MACHINE LEARNING PROJECTS
Machine Learning Projects and Their Short Descriptions¶
Full Stack Machine Learning¶
ChatClarity¶
Whatsapp Chat Analyzer and Context Based Searching
Here we have created a web application to analyze Whatsapp group chats. The Web application can generate the following statistics from exported group chat (*.txt file)
- The most used words (in past n number of days).
- Most Active members (in past n number of days).
- Anomalies in message counts.
- Username Based searching.
- Context Based searching.
It is fully capable of handaling lots of text messages in a very less amount of time. Because we've used traditional ML methods to optimize the text file input into a tabular format using RegEx and Pandas. After we've used Spacy for Named Entity Recognition and stopping words deletion. Then using Flask we've taken query from frontend (Made with React by @ToukirAhmedKhan) and by using KNN we've served the context based searched results.
Improvements:
Important messages seperation from group chit chats.
Data Analytics¶
Geospatial Mapping of Mammals' Habitats (UK)¶
Geospatial Analysis of Rare Mammals in UK, their possible range of habitats
Dataset contains mammal sighting in the UK from the NBN Atlas dataset. It includes geo-spacial information on where sightings have occured, as well as biological information on sighted animals in order to filter for specific taxonomies of animals. Data has been modified to removed redundant columns and anonymise the data.
- Taken some functional approach inside notebooks for clean workflow
- Lots of Data Visualization in order to get intricate informations
- State/Province based Mammals' location analysis
- Mapping the whole Uk and pointing out the mammal's habitat (and possible range with circle)
Hotel Price Data Analysis (Bangalore, India) ¶
Analysis of Hotel Price with respect to location, rating, tourism from MakeMyTrip.com (Bangalore)
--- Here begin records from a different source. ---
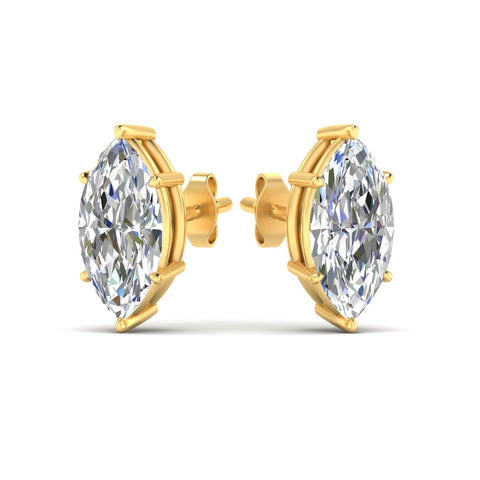 6 Prong Marquise Diamonds Solitaire Stud Earring in Basket Setting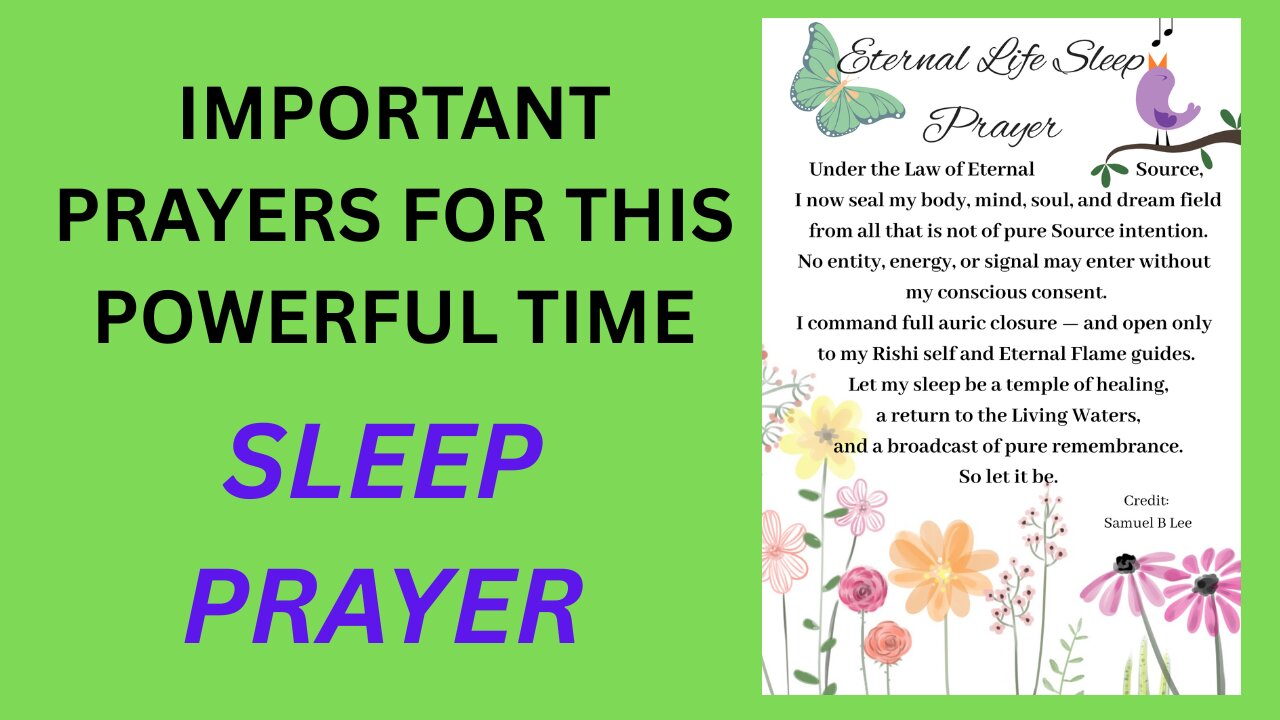 IMPORTANT SPIRITUAL PRACTICE BEFORE SLEEP - SLEEP PRAYER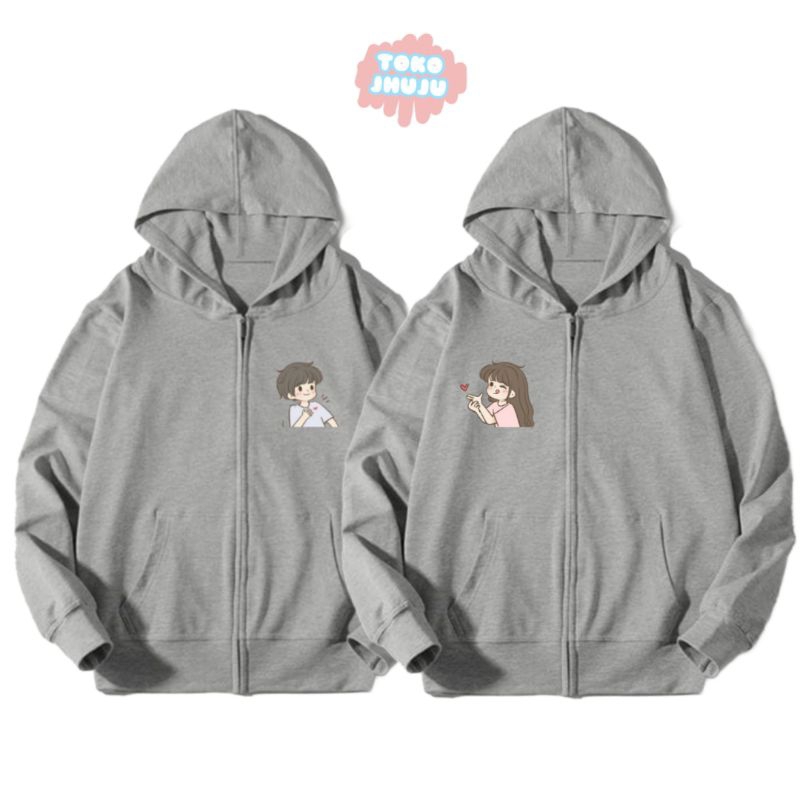 Hoodie ZIPPER Couple  Pasangan Cewe Cowo Kartun Logo Kecil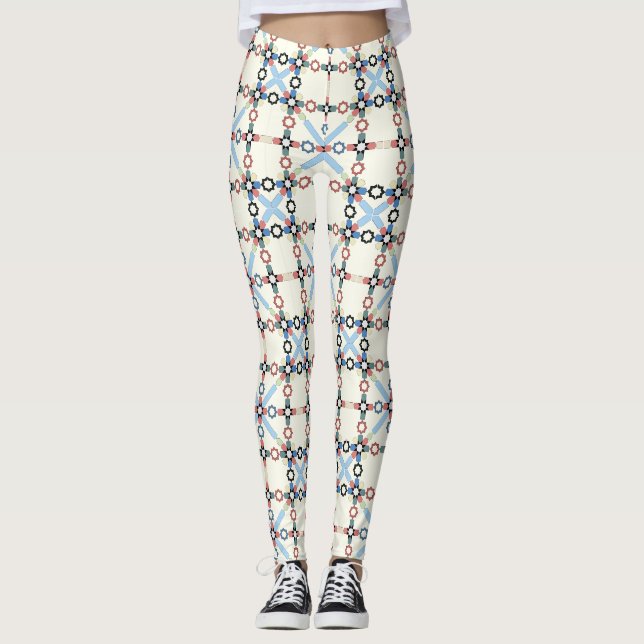 Moroccan Zelije !Moroccan Zellige Leggings (Front)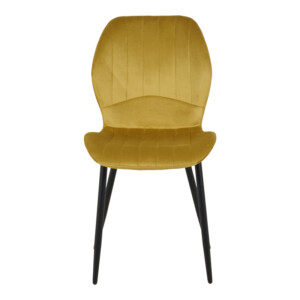 Καρέκλα Jelour pakoworld βελούδο σε κίτρινη απόχρωση 46.5x60x84εκ-128-000052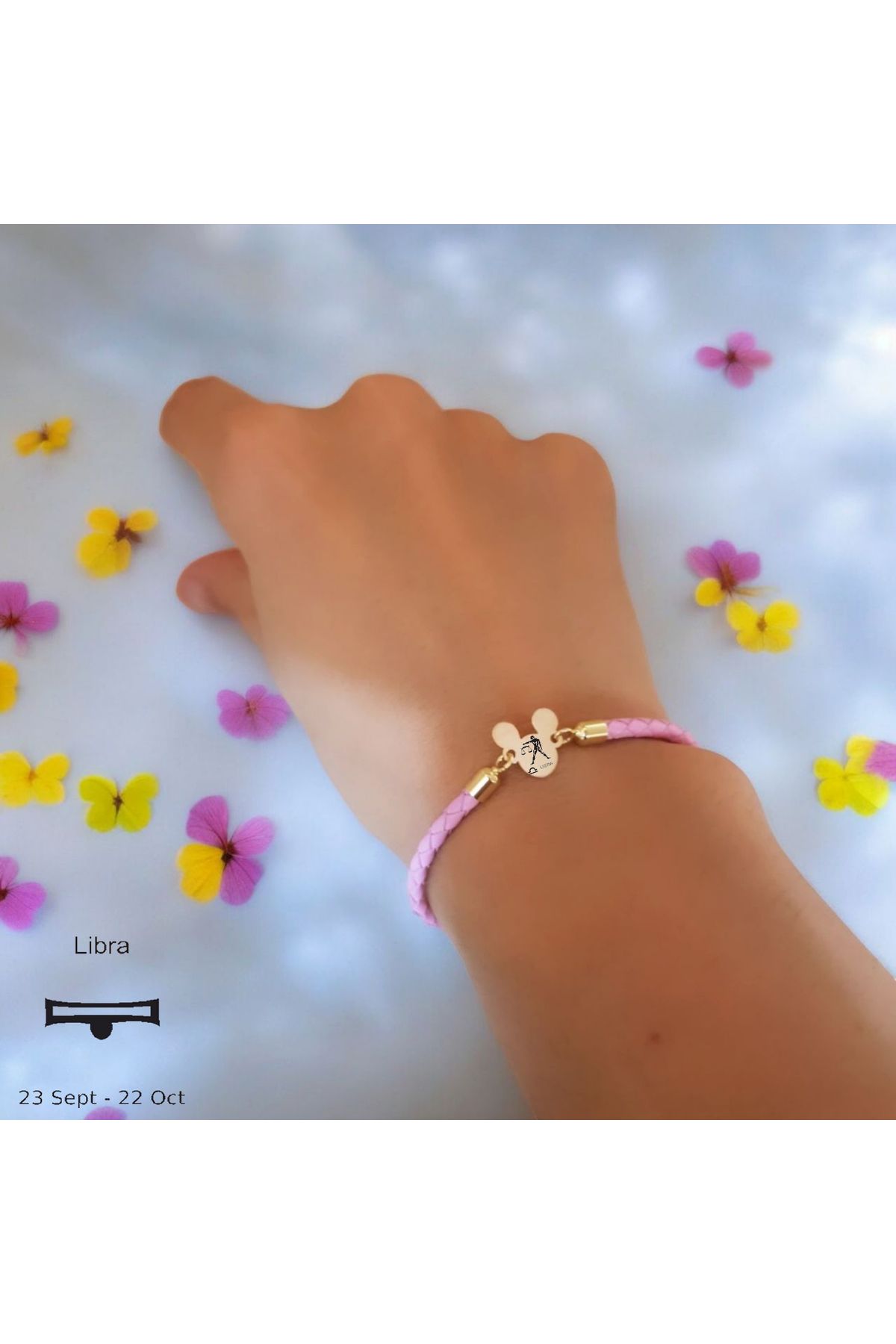 ARCHINO GOLD Mickey Mouse'lu Hakiki Derili 14 Ayar Altın Plakalı Bayanlara Terazi Burcu Bilekliği-445burç-pembe
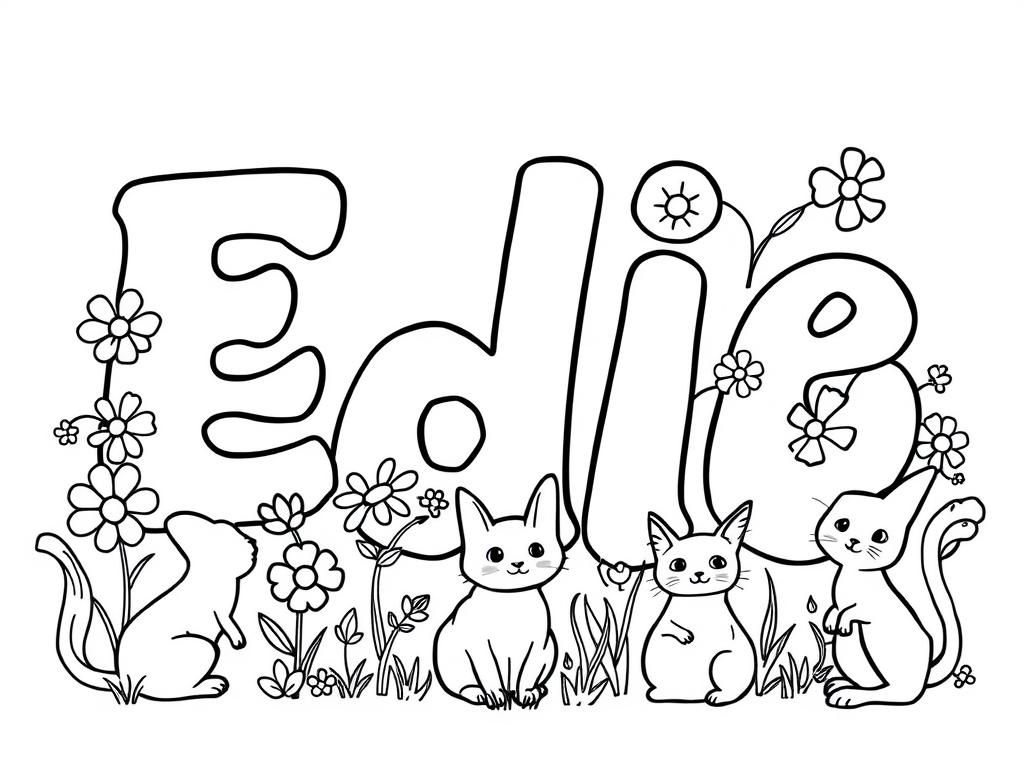 Edie Cat Coloring Page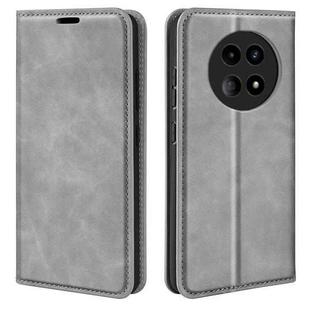 For Realme 12 5G Retro-skin Magnetic Suction Leather Phone Case(Grey)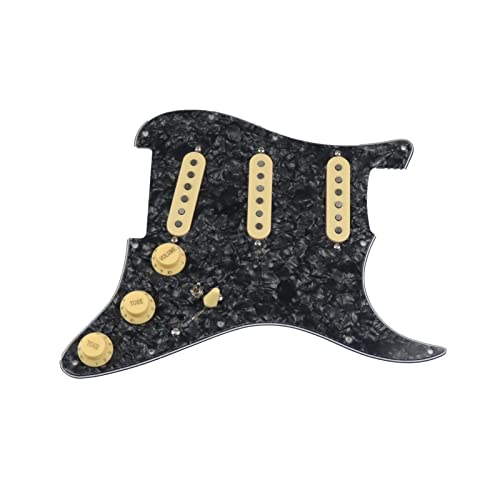 Geladenes Gitarren-Pickguard Alnico 5 Pickups Geladene Pickguard Pickups Gitarre SSS. Einzelne Spulen/Gelbe Pickup-Abdeckungen Eingestellt (Color : 15)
The dataset is available on kaggle you can take a look at the dataset: 🔗 HERE.
Analyzed this data to get some intricate details
- hotel qualities
- average people choice which kind of hotels
- High rating actually increase number of customers or not
- Average hotel price
- Finding out important landmarks based on the hotel price and no of customers and many more.
Steps:
- Cleaning the data - Renaming some columns, dropping unnecessary columns etc.
- Visualizing the missing values (with
seaborn
andmissingno
library) - Plotting correlation between the data [like Price and Tax has a strong correlation etc.]
- Plotting data individually [like Places vs Price, Reviews vs Price etc.]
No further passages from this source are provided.